Imagine you have a function \( y \) that depends on a function \( u \), and \( u \) depends on \( x \). Mathematically, this is expressed as \( y = f(u) \) and \( u = g(x) \).

• First, find the derivative of \( f(u) \) with respect to \( u \).
• Then, find the derivative of \( u \) with respect to \( x \).
• Finally, multiply these derivatives together.

This process makes differentiating complex functions manageable. In the example of \( y = 2(5x^2 - 1)^{-1} \), the outer function is \( u^{-1} \), where \( u = 5x^2 - 1 \). Differentiating the outer function and multiplying by the derivative of \( u \) provides the result.

The power rule is one of the simplest and most commonly used rules in differentiation. It's a method to find the derivative of expressions where a variable is raised to a power. Suppose you have a basic power function \( y = x^n \). The power rule states:

\[ D_x y = nx^{n-1} \]

What this means is you bring the exponent down, multiply it by the base raised to one less than the original exponent.

• If \( y = x^3 \), the derivative is \( D_x y = 3x^2 \).
• If \( y = x^{-1} \), then \( D_x y = -1x^{-2} \).

In the original problem, the power rule is applied to the re-expressed function \( (5x^2 - 1)^{-1} \). By bringing down the power and reducing the original exponent by one, and then multiplying by the derivative of \( u \), you get the derivative.

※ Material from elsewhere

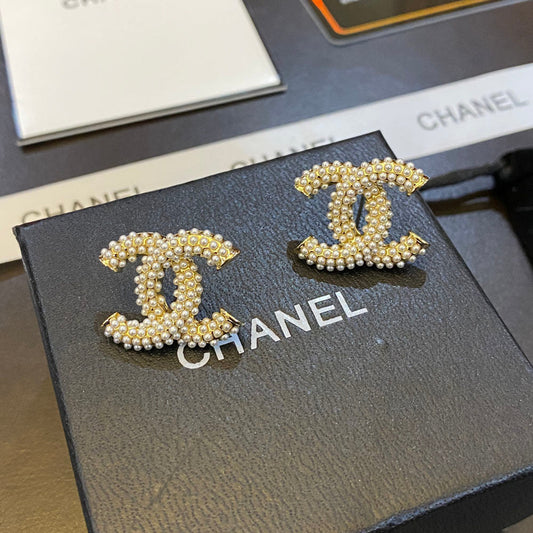 2025 Temperament Pearl Logo Stud Earrings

Rational functions are quotients of two polynomials, such as \( y = \frac{2}{5x^2 - 1} \). Differentiating rational functions usually involves rules such as the quotient rule and chain rule. However, when the numerator is a constant, the chain rule combined with the power rule can be much simpler.

For these functions, first rewrite the function so the variable is in the numerator by expressing it as a negative power. Then apply the chain rule and power rule in steps:

• Identify the function's structure and re-express if necessary.
• Apply the power rule to the new form of the function.
• Apply the chain rule to handle the inner function’s derivative.

The solution was re-expressed as \( 2 \cdot (5x^2 - 1)^{-1} \), turning it into a manageable expression for applying these differentiation rules.